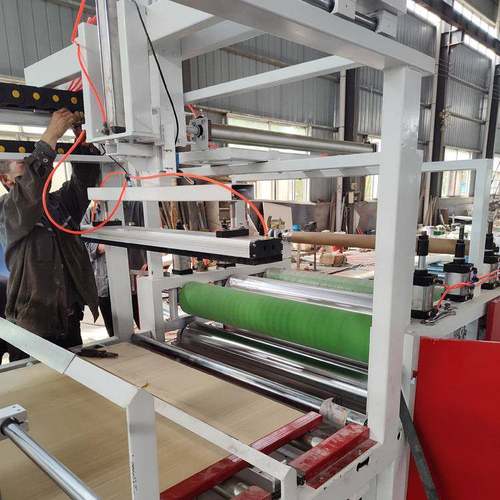 断卷铝卷自动MY-1300融覆膜机双面涂胶贴纸机晶板覆碳PVC保护膜钢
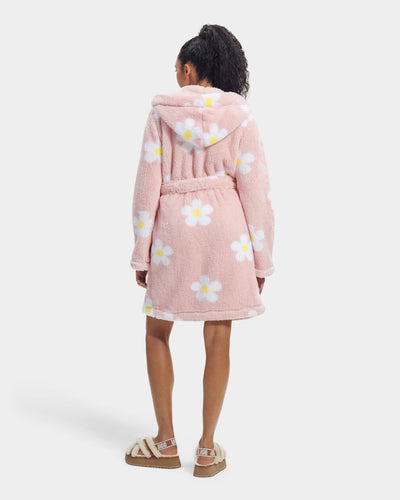 UGG Aarti Plush Robe, Lotus Daisy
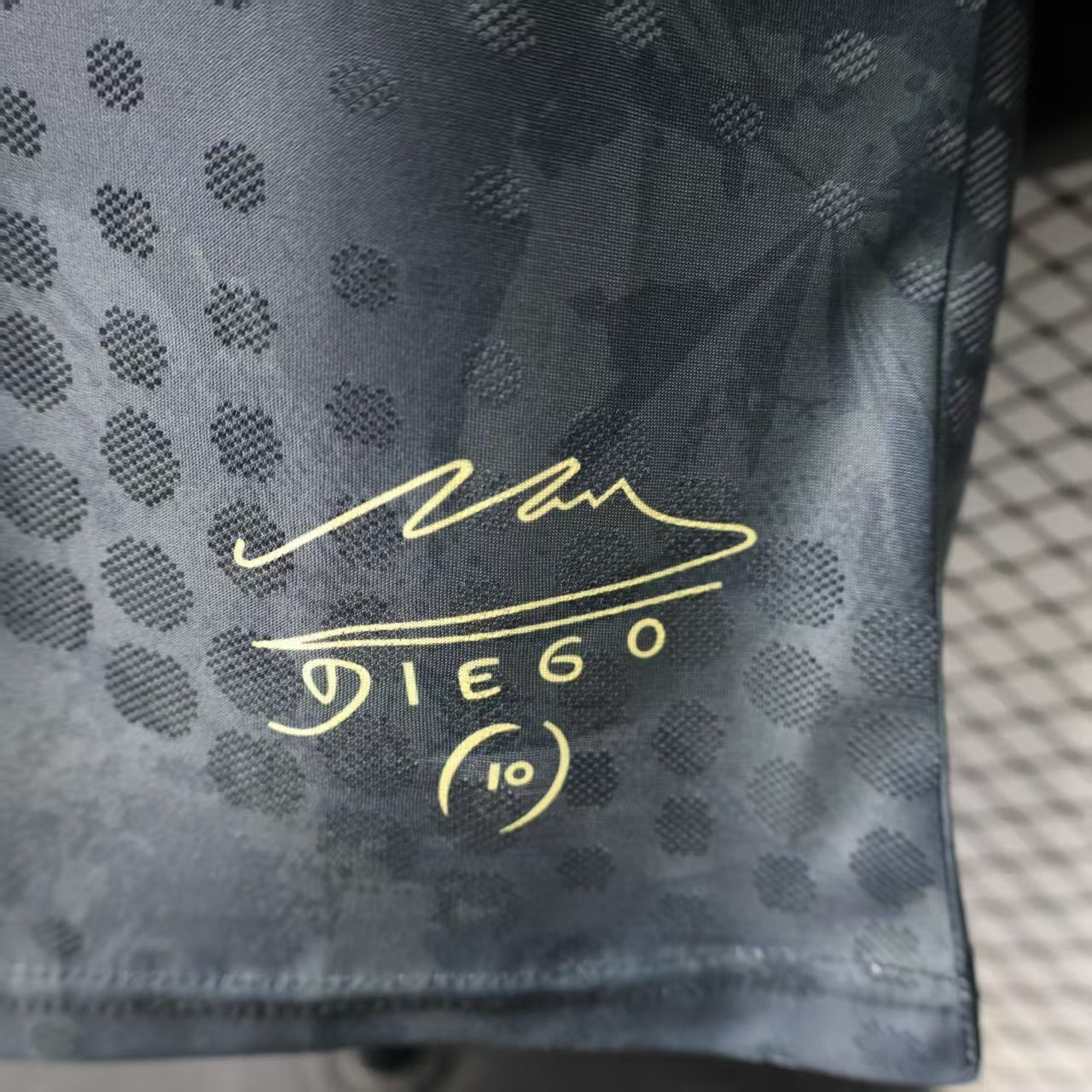 Maillot Édition Limitée Argentine "Diego 10"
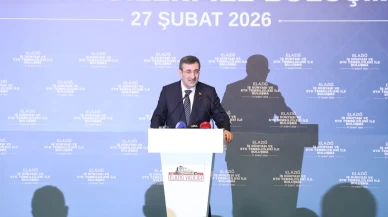 Cumhurbaşkanı Yardımcısı Yılmaz Elazığ'da konuştu: Dünyada başka örneği yok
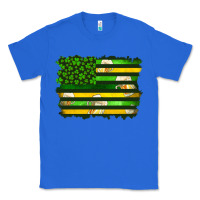 True Royal st patrick's day american flag Classic Tee - Artiststas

**Work to complete:**
Leave the images out and output the remaining material exactly as it stands.

**Written response:**
 断卷铝卷自动MY-1300融覆膜机双面涂胶贴纸机晶板覆碳PVC保护膜钢
 UGG Aarti Plush Robe, Lotus Daisy
 Maillot Édition Limitée Argentine "Diego 10"
 Cumhurbaşkanı Yardımcısı Yılmaz Elazığ'da konuştu: Dünyada başka örneği yok
 True Royal st patrick's day american flag Classic Tee - Artiststas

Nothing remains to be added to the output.